Bright Green Gaijin Pants

I'm in Japan! How now, brown cow?

Friday, September 30, 2005

Decadent Decade / Jim Breen's Dictionary

I saw an episode of America's Next Top Model yesterday. I was eating and moving through the living room at a time when the TV had been left on whatever channel it was on, and it caught my attention. Reality TV shows (especially contest/competition/elimination ones) are ridiculous. Granted, when I heard American Idol was going to be holding auditions in Alaska, I was all for trying out -- for all the stupidity of the backstage dramatizations, it IS still a unique opportunity. The fact that they're taking a unique opportunity like that and twisting it so that most of the "entertainment" comes from listening to the entrants talk about the other entrants and the like is just horrible. I'd rather watch reruns of star search; the entertainment there is good clean fun as you realize just how many celebrities got started there when they were six years old.
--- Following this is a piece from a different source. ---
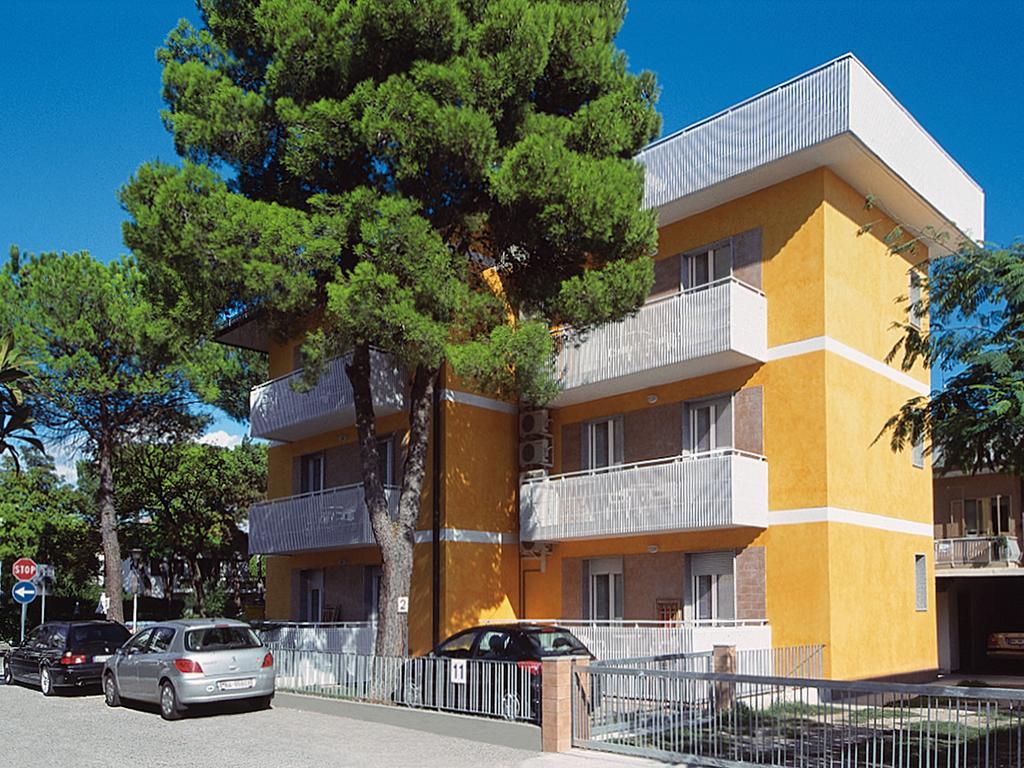 Patrizia Apartment Lignano Sabbiadoro Exterior photo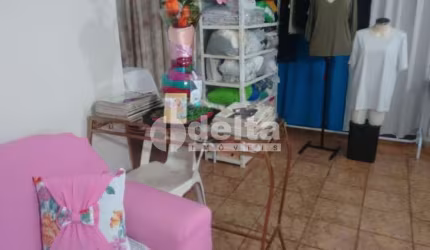 Casa residencial disponível para venda no bairro Tibery em Uberlândia-MG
What really, truly bothers me about reality TV, though, is this: every decade has its hallmarks, a few things that people always think of when they look at it. The 80s had rubiks cubes and hair bands, the 60s had woodstock and 'Nam, the 90s had unbuttoned, plaid, flannel shirts. One of the defining features of this decade will be reality TV. Everyone in society should feel ashamed.

Jim Breen's online Japanese-English dictionary is awesome. It's a fact I've known for a while now. You can go to the world lookup and type a Japanese or English word in either romanji or Japanese characters and get a translation. Today I actually tried the text translation feature 'cause I was feeling lazy, and lo and behold -- unlike babelfish, it rocks. Babelfish tries to give you a translation of its own, generally outputting highly amusing gibberish that gives you a gist of the text. Other times it's just horribly wrong. Jim Breen's dictionary, though, doesn't actually translate the text. It recognizes and pulls out the words in the text and gives you their definitions as listed in the dictionary, leaving you to actually translate the senctence. I feel extremely silly for not using this feature before; I don't really want to know how much time I have wasted trying to look up idividual words when I wasn't exactly sure where one word ended and the next began.